TIME, SPACE AND INTERCESSION
Some time ago, I received a letter from one of our members who was concerned over the implications of the Agnes Sanford item on minstering to the sick. She felt that intercession by those not present was not given its place in the article. The article that follows is a digest of material furnished me by Mrs Stanley Kammerer of South Kingstown, RI to present the other side of the story.Does intercessory prayer transcend the time/space limitations we know as humans? Can there be any other response than "Yes indeed"? Laying on hands may seem to be superior to long-distance intercession; but is it not possible that this depends neither on the one ministering or on the reeiver. It is God's sovereign choice to use the tools that He selects and we offer for His use.
If we are one in Christ and Christ is with each disciple, we are certainly at one with each other. The spirit of the person for whom prayer is offered needs only accessibility to the prayer and to the prayer that opens the way for the Lord to move. "Lord I believe. Help Thou my unbelief."
Consider too the viability of our own OSL Intercessory Prayer Line. It is always accessible so that we can know with reasonable certainty that people all over the country are joined in prayer to supply our prayer needs. The prayer opens the way for God's power to flow, even though the intercessors are not by our side.

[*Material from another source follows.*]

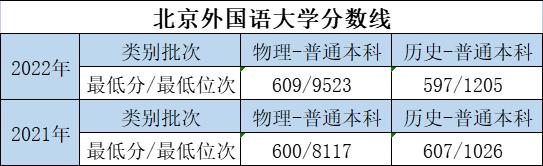 大学的特色专业和重点专业哪个好,优势大学推荐专业有哪些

There are certainly illustrations from the ministry of Jesus when He did not go to the sick to pray, but prayed from a distant place. The daughter of the Syro-Phonecian woman, the centurion's servant, and the son of the nobleman who approached him in Cana were all granted healing to those for whom they interceded even though they were not in Jesus' presence.
Perhaps the key to our understanding is not so much that we are there or away at a distance, but that we are obedient to the One who calls us to pray and faithful to the one in need of the prayer. Where the way is beyond our reach because time is too short or distance is too long, God spans the moments and the miles with a love that knows no limits.
Alfred Lord Tennyson's "Morte d'Arthur" has Arthur saying, "Pray for my soul. More things are wrought by prayer than this world dreams of. Therefore, let thy voice rise like an incense for me day and night." Is it not the soul that needs the prayer as well as the body's pains? "For what are men better than sheep or goats that nourish a blind life in the brain. If, knowing God they lift not hands in prayer, both for themselves and those who call them friend? For so the whole round earth is every way bound by chains of gold about the feet of God."
We are indeed bound by chains of gold about the feet of God in our times of intercessory prayer. Those chains of gold are the delicate threads that set our intercesions free from time and space to become the celestial wireless that opens our world to become the Kingdom of our God. Therein lies our participation in God's healing ministry across the miles and moments that seem to separate us from those we love.
Milton wrote in Paradise Lost, "The mind is its own place, and in itself can make a heaven of hell, or a hell of heaven." It depends upon our will to seek and serve the King - offering our own prayers as a channel of His grace and love to others, and to ourselves.